After the police uncover DVDs of the men torturing and raping their victims, Dexter switches Lumen's DVD with a scratched and empty one. He then brings it to Lumen, who is afraid and ashamed at the prospect that the police and Dexter watched it. Dexter assures her that no one has seen it. Lumen then acknowledges that she knows what a risk he is taking by being with her, before tearfully telling him that he has been her only way through this. She then forces herself to watch her own rape, as Dexter listens from another room, clearly disturbed by what he hears. Lumen proves instrumental in getting information from Emily Birch (Angela Bettis), the first victim of Chase's gang and only other known survivor. This leads them to Alex Tilden (Scott Grimes), the first target. Tilden becomes Lumen's first victim, as Dexter allows her to deliver the killing blow at her request. Afterward, they return to Dexter's apartment, where they sleep together. As they lie in each other's arms, Dexter reflects that she is the first person to truly see him for who he is and accept him for it.

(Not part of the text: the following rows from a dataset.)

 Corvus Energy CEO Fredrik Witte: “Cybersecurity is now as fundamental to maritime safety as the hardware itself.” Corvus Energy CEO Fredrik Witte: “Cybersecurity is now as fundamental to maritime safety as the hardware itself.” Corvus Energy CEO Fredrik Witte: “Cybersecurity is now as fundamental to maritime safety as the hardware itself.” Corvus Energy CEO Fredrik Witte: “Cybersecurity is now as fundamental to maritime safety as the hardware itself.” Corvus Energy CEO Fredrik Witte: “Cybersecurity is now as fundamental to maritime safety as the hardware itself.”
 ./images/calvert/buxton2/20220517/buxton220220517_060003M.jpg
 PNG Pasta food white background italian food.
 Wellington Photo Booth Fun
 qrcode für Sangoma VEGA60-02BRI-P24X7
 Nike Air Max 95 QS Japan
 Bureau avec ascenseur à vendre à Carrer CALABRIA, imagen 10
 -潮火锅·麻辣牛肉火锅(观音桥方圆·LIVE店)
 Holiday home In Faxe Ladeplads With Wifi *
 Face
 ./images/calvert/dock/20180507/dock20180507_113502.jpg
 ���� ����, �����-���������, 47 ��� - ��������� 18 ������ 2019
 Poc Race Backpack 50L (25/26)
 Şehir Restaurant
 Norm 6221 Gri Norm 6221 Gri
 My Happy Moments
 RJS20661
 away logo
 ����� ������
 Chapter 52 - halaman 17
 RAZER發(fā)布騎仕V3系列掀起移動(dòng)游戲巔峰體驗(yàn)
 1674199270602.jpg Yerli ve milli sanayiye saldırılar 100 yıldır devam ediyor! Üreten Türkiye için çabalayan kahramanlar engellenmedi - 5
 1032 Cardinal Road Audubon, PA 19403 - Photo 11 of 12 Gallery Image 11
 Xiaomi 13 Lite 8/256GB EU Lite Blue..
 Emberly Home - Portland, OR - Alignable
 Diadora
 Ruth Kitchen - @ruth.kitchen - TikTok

As Lumen and Dexter begin to plan how they will capture Chase, they realize they are being watched. Once Dexter determines that they are under police surveillance, he attempts to convince Lumen to leave Miami for her own safety. However, Lumen refuses to abandon him, and Dexter ultimately admits that he wants her to stay.

After receiving a distressed call from Emily, who says Chase contacted and threatened her, Lumen goes to Emily's house to reassure her, after unsuccessfully attempting to contact Dexter. This turns out to be a trap meant for Lumen and Dexter, however, and Chase kidnaps Lumen after murdering Emily. Dexter arrives later and can see that Lumen put up a fight, albeit unsuccessfully, and swears that he will not lose Lumen, too. After Dexter shows up to rescue Lumen, she finally kills Chase. After she and Dexter dispose of Chase's body, she admits to Dexter that she did not think they would be able to pull it off, describing it as a miracle. The next day, she regretfully tells Dexter she has to leave Miami; her "Dark Passenger" has left her, and she no longer feels the need to kill. She tells Dexter that she does not want to leave but has to, because his "Dark Passenger" will never leave him. Dexter ultimately understands, tells her she should not be sorry that her darkness has left her, and promises that he will carry her darkness as well as his own.

== Reception ==
Many critics have responded well to Stiles's portrayal of the character — so much so that her exit in "The Big One" was not well received. Matt Fowler of IGN said, "Having her leave was, unfortunately, inevitable and it meant that we had to sit through her explain the reason for her wanting to leave Dexter, which to us was a little plodding because we knew that it was all a way of getting her off the show when it felt so much more right, story-wise, for her character to want to stay. No, Dexter and Lumen's romance wasn't the true seller here, but it did fit within their vigilante partnership. And it seems like something that she wouldn't want to give up. I did appreciate Dexter's anger when he came to the sad realization that he was "forever broken, with an inner eternal dark flame."

For her performance, Stiles was nominated for the Golden Globe Award for Best Supporting Actress – Series, Miniseries or Television Film and the Primetime Emmy Award for Outstanding Guest Actress in a Drama Series.